Karen August 26, 2018
I make lots of this when the farmer's market is full of various types pf eggplants, peppers, onions...I always have it in the freezer - it freezes beautifully - for an easy appetizer for last minute guests on crostini. SO yummy. I like to drizzle the toasts with a little balsamic vinegar.
sdebrango August 27, 2018
It's so delicious and such a great way to showcase summer produce. I never thought of freezing it, brilliant!! Thank you so much.
boulangere April 15, 2013
You're taking me back to Italy! We bought and consumed many jars of caponata for picnic lunches with some fresh bread and bright fruit.

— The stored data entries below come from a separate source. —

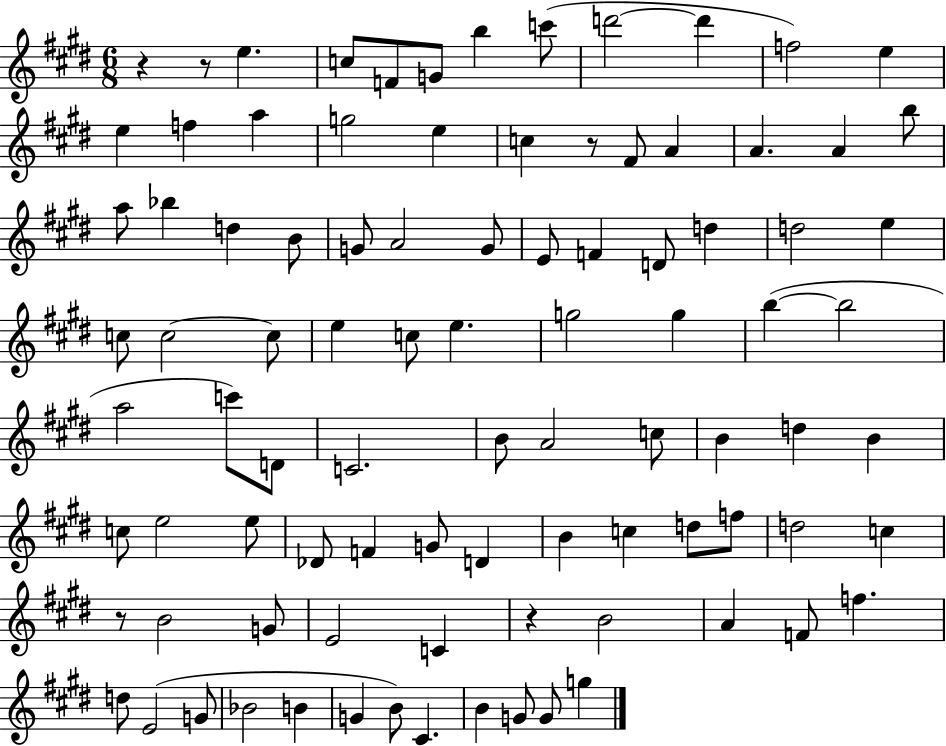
{
  \clef treble
  \numericTimeSignature
  \time 6/8
  \key e \major
  r4 r8 e''4. | c''8 f'8 g'8 b''4 c'''8( | d'''2~~ d'''4 | f''2) e''4 | \break e''4 f''4 a''4 | g''2 e''4 | c''4 r8 fis'8 a'4 | a'4. a'4 b''8 | \break a''8 bes''4 d''4 b'8 | g'8 a'2 g'8 | e'8 f'4 d'8 d''4 | d''2 e''4 | \break c''8 c''2~~ c''8 | e''4 c''8 e''4. | g''2 g''4 | b''4~(~ b''2 | \break a''2 c'''8) d'8 | c'2. | b'8 a'2 c''8 | b'4 d''4 b'4 | \break c''8 e''2 e''8 | des'8 f'4 g'8 d'4 | b'4 c''4 d''8 f''8 | d''2 c''4 | \break r8 b'2 g'8 | e'2 c'4 | r4 b'2 | a'4 f'8 f''4. | \break d''8 e'2( g'8 | bes'2 b'4 | g'4 b'8) cis'4. | b'4 g'8 g'8 g''4 | \break \bar "|."
}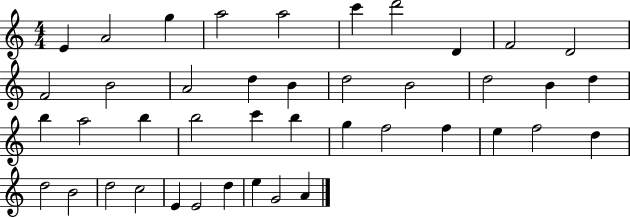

aran.connolly August 25, 2012
finish htis with a whisper of cocoa powder the astringency adds a beautifal kick
fiveandspice June 21, 2011
Yum! I adore caponata! My mind was blown the first time I had it at a friend's house, and I've been addicted ever since.
Kitchen B. June 20, 2011
Love, love, love Caponata. Right now I'm an aubergine fiend - just finished a bowl of Parmigiana. Love this
inpatskitchen June 19, 2011
Lovely take on one of my favorites!
susan G. June 19, 2011
Lucky you to grow up with caponata We love it, and my husband was so taken with it that it became his specialty. He's varied the ingredients with the season, and I loved it with potatoes, even sweet potatoes. I have to steer him away from more sugar, so I like seeing that you only use enought sugar to balance the flavor.
boulangere June 19, 2011
Wow, never thought of using sweet potatoes or white potatoes. When you use whites, are they the thin-skinned waxy type, like fingerlings, or reds?
susan G. June 20, 2011
For the potatoes, any of those, boulangere -- anything you might use in stew-y things. They pick up all the flavors beautifully. We've got to try it with the peppadew. Now that will lift the spirits!
boulangere June 20, 2011
All new ideas. I tend think narrowly of ratatouille, which is pretty darn proscribed. Thank you both for the all new flavor profiles.
boulangere June 19, 2011
You are so clever - I'd never thought of caponata (ratatouille) as picnic fare. It's perfect, and you are so on a roll with all your lovely Mediterranean creations.
Sagegreen June 19, 2011
This looks great; love your photo!
wssmom June 19, 2011
Just reading this makes me think of Mediterranean summers!